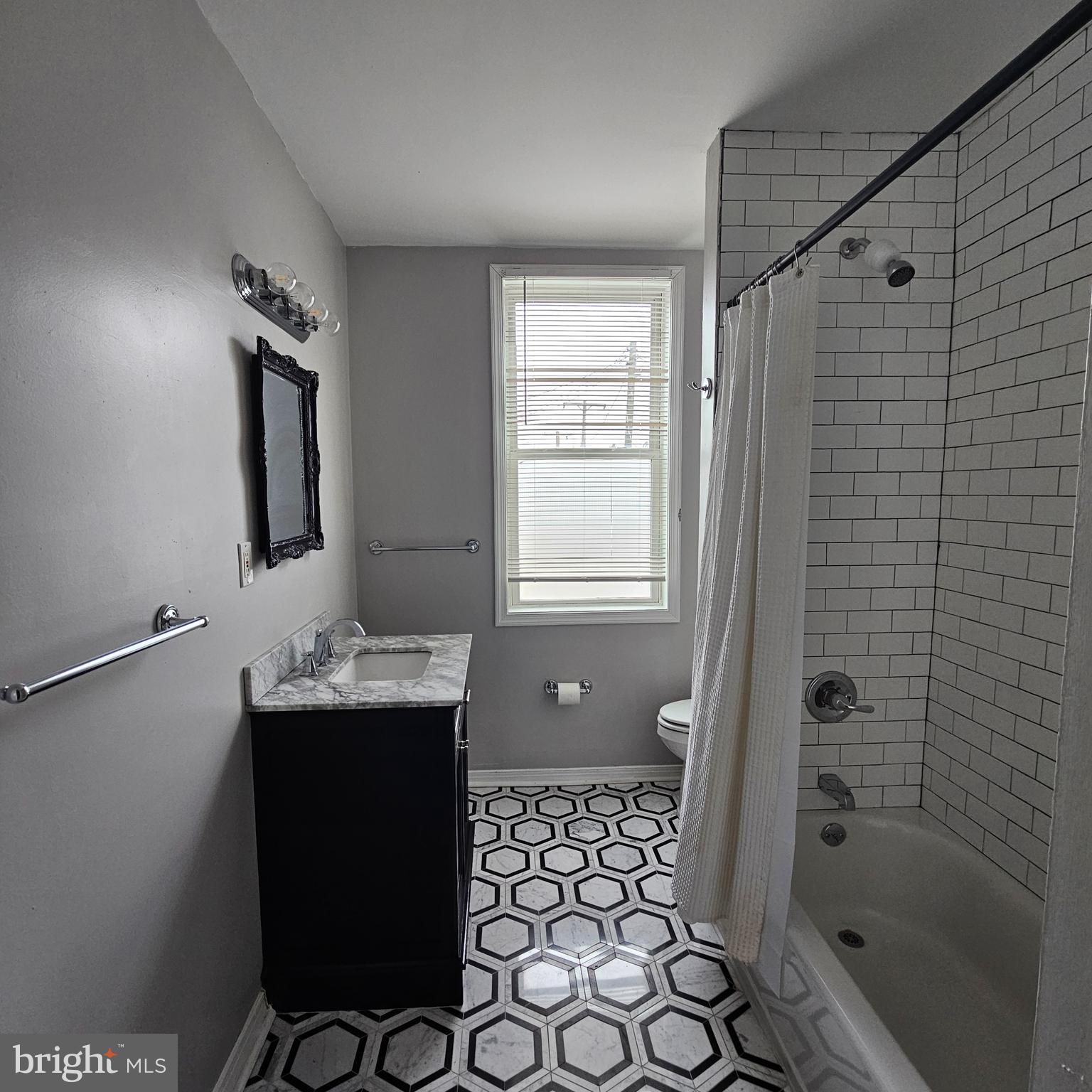 3419 CHESTNUT AVENUE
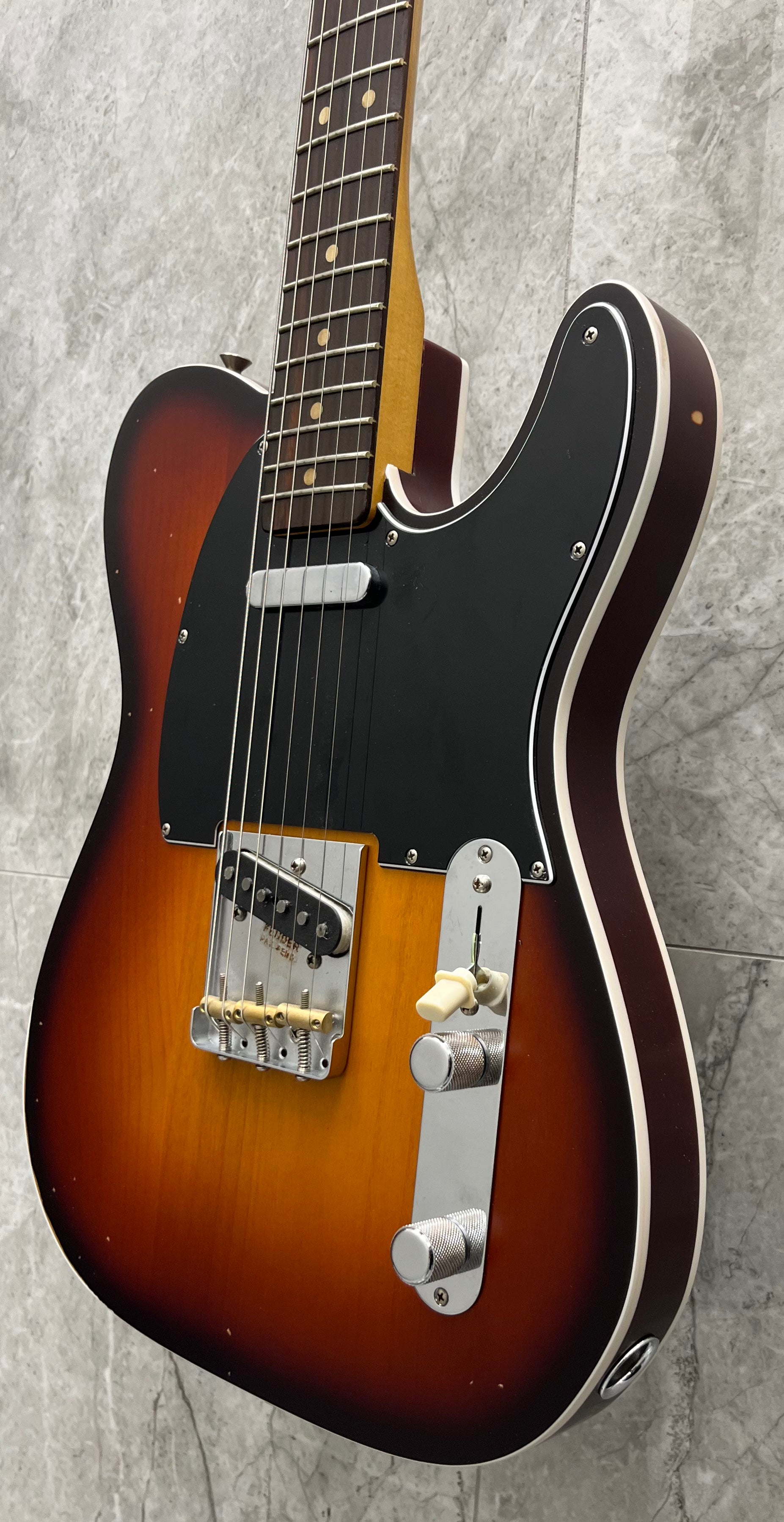 Fender Jason Isbell Custom Telecaster Rosewood 3-color Chocolate Burst 0140320364 SERIAL NUMBER MX25157544 - 7 LBS 4 OZ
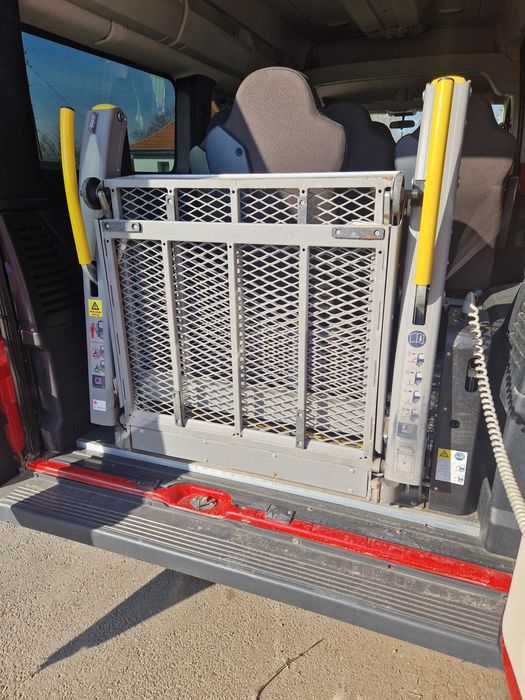 Лифт за инвалидна количка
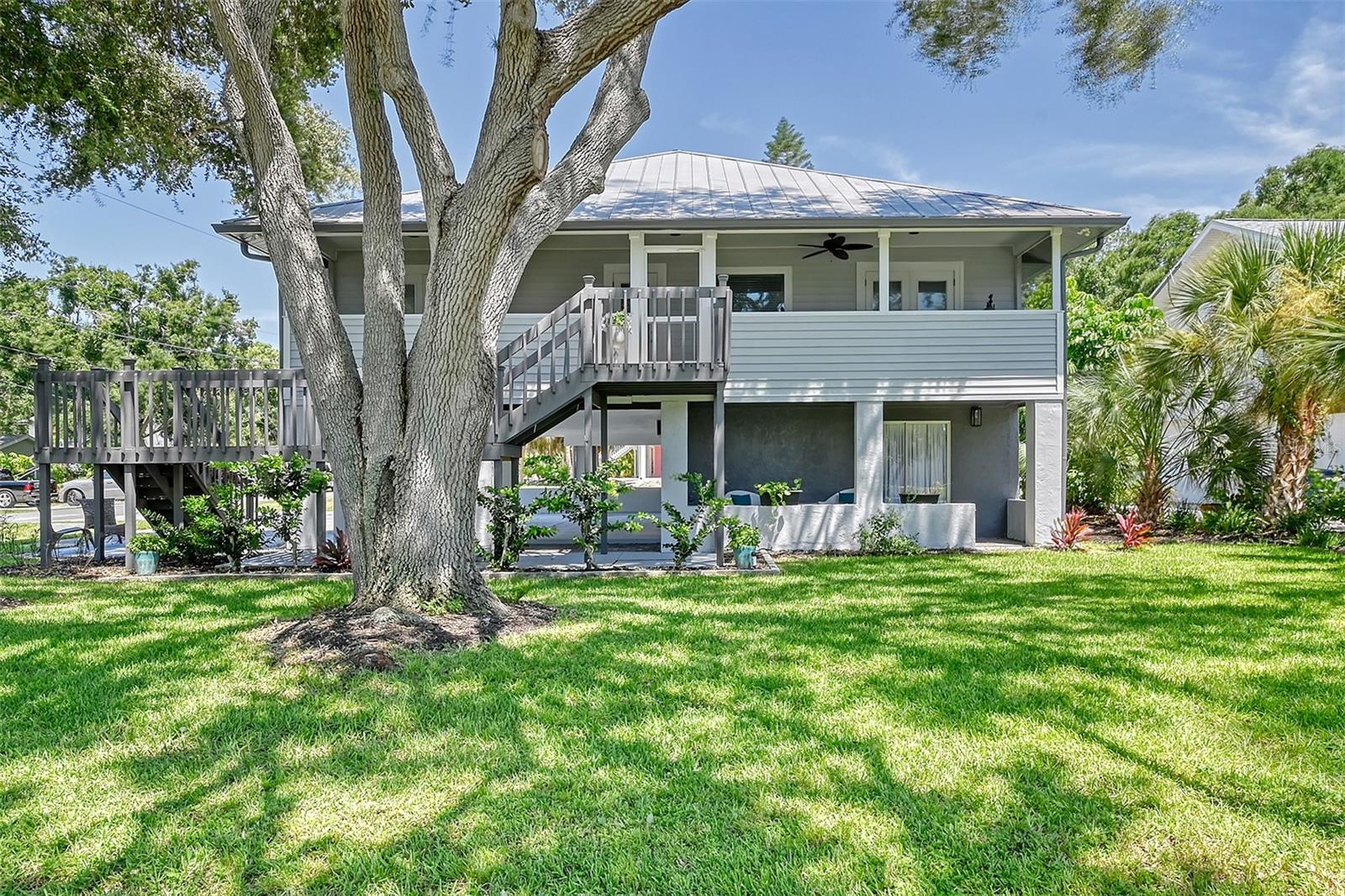 216 SHORELAND DR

Your assignment:
Retype the listing exactly. Pictures do not belong in the copy.

Result:
 3419 CHESTNUT AVENUE
 Fender Jason Isbell Custom Telecaster Rosewood 3-color Chocolate Burst 0140320364 SERIAL NUMBER MX25157544 - 7 LBS 4 OZ
 Лифт за инвалидна количка
 216 SHORELAND DR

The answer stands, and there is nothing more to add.